Court sides with Congress in battle for Trump's bank records

Cheryl Sanders
December 3, 2019

In a ruling sure to provoke an appeal to the U.S. Supreme Court, a federal appeals court Tuesday ordered Deutsche Bank to hand over President Donald Trump's financial records to the Democrat-controlled House Intelligence and Financial Services committees.

The Democratic-controlled House Intelligence and Financial Services committees issued the subpoenas in April as part of investigations into alleged foreign influence in US elections.

In a 106-page ruling, the court said the House committees' "interests in pursuing their constitutional legislative function is a far more significant public interest than whatever public interest inheres in avoiding the risk of a Chief Executive's distraction arising from disclosure of documents reflecting his private financial transactions".

The split decision from the 2nd US Circuit Court of Appeals is another setback for the White House.

Two appeals courts have already ruled that he must make documents available, including information held by the accountancy firm Mazars USA, but decisions are pending in the Supreme Court.

The court said the application by the president and his children to block the subpoenas was properly denied by a judge this year.

Trump's personal lawyer, Jay Sekulow, suggested the next step will be an appeal to the Supreme Court.

While the subpoenas were broad, the ruling stated Congress can inquire into private affairs if they're related to a valid legislative objective.

A federal appeals court has ruled that President Trump needs to comply with a request from Congress for the president's financial records, a win for House Democrats who have been fighting in the courts for months to obtain the president's banking records.

In the Deutsche Bank case, attorneys for the president's largest lender told the appeals court that it has tax returns for one person or organization that the subpoenas are seeking; however, identifying details were redacted.
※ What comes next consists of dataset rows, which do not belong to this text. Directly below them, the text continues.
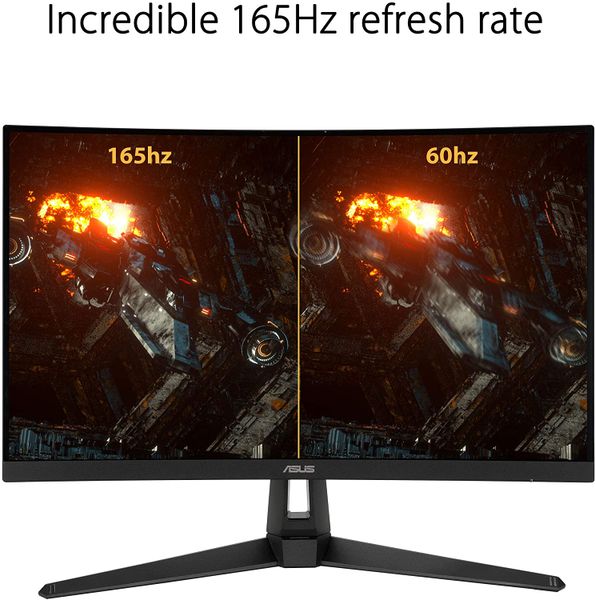 Màn Hình ASUS TUF Gaming VG27VH1B Curved Monitor (27inch/1080p/165Hz/VA) FreeSync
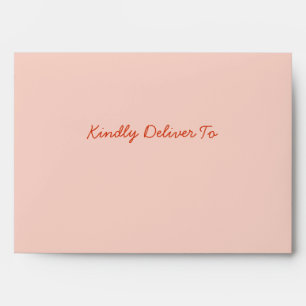 Whimsical Modern Pink & Red Wedding  Envelope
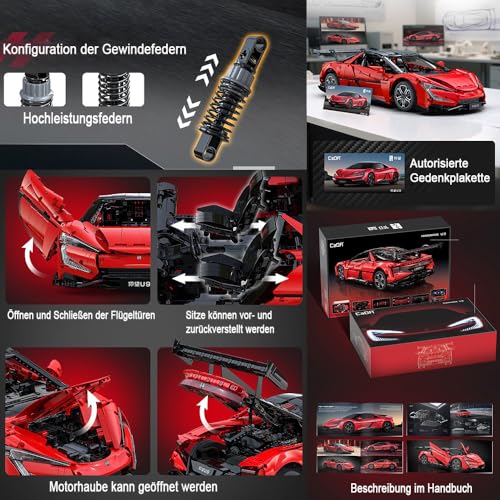 CaDA C64011W BYD Yangwang U9 – Hypercar-Technik im Maßstab 1:8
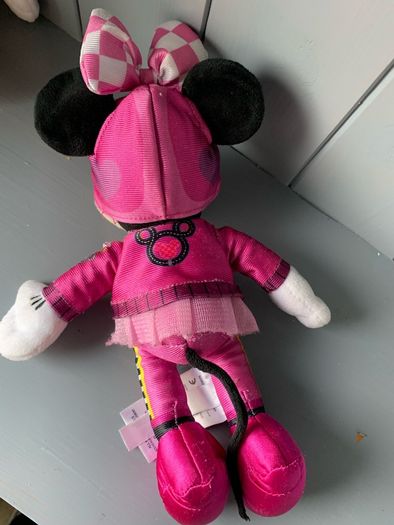 Disney Minnie Mouse Racer Soft Toy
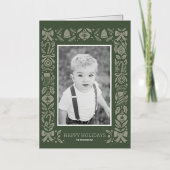 Folk Lijst Folie Feestdagenkaart (Voorkant)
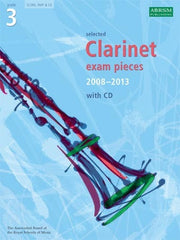 ABRSM Selected Clarinet Exam Pieces 2008-2013 - Grade 3 - Clarinet + Piano (with CD)
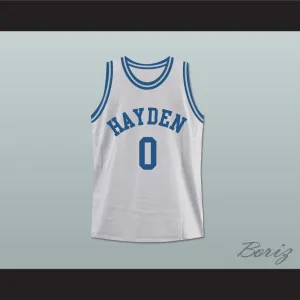 Mike O'Donnell 0 Hayden Warriors High School Basketball Jersey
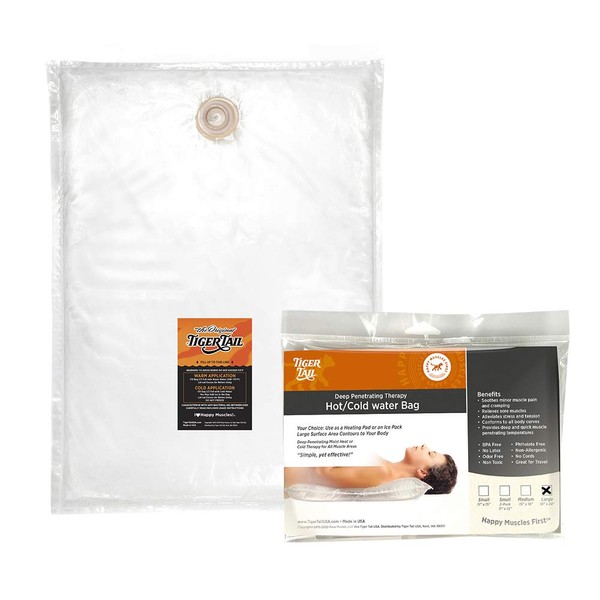 Tiger Tail DrySoak Hot Water Therapy Bag, Large (5 Gallon), Made in USA (Sister Brand Fomentek)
It made an exception, however, for "sensitive documents", citing as an example a check that may have been used to pay for medical services or any other documentation containing "sensitive personal information".

A woman with an umbrella passes a logo of Deutsche Bank in Germany in a file photograph.

Judge Debra Ann Livingston said in a partial dissent that the lower court should take a longer look at the "serious questions" raised by the case and give the parties time to negotiate.

This story is breaking and will be updated.

That said, Deutsche Bank has indicated that it is not in possession of Trump's tax returns.